◆ What the task asks
Every line below needs to be transcribed without alteration, and no image may be carried over.

◆ Supplied information
============================================================

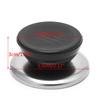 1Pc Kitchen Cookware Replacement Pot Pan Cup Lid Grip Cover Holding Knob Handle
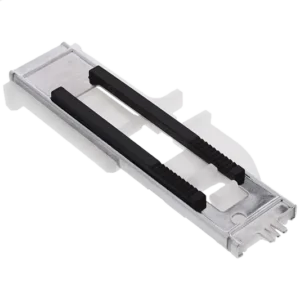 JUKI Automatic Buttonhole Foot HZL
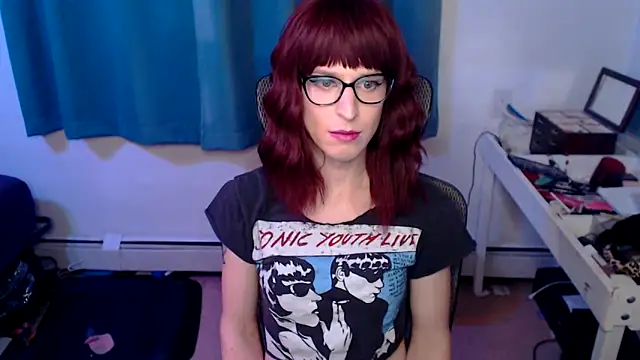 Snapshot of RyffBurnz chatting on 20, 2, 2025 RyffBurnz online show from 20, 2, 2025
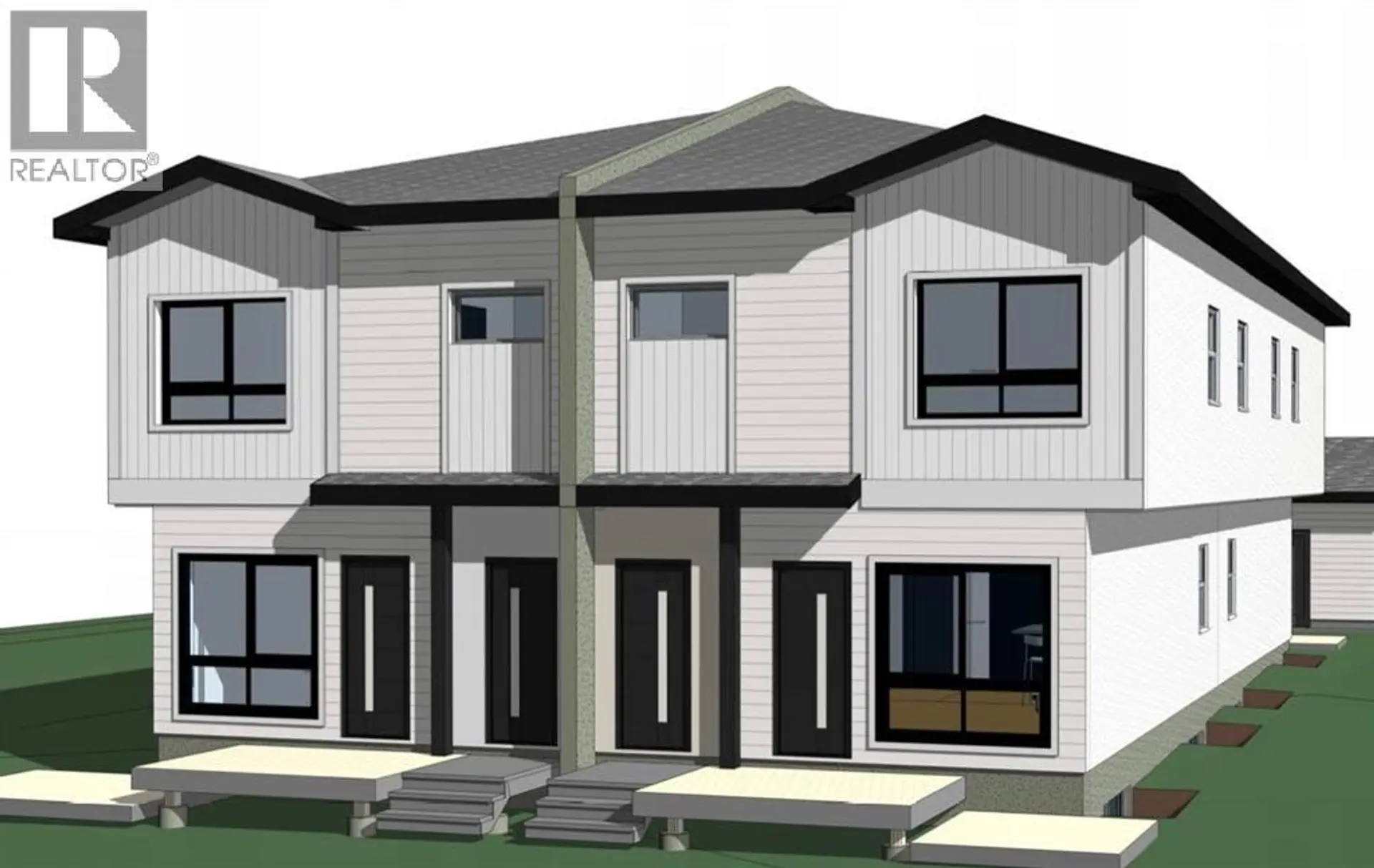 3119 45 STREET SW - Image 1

============================================================

◆ Task result
 1Pc Kitchen Cookware Replacement Pot Pan Cup Lid Grip Cover Holding Knob Handle
 JUKI Automatic Buttonhole Foot HZL
 Snapshot of RyffBurnz chatting on 20, 2, 2025 RyffBurnz online show from 20, 2, 2025
 3119 45 STREET SW - Image 1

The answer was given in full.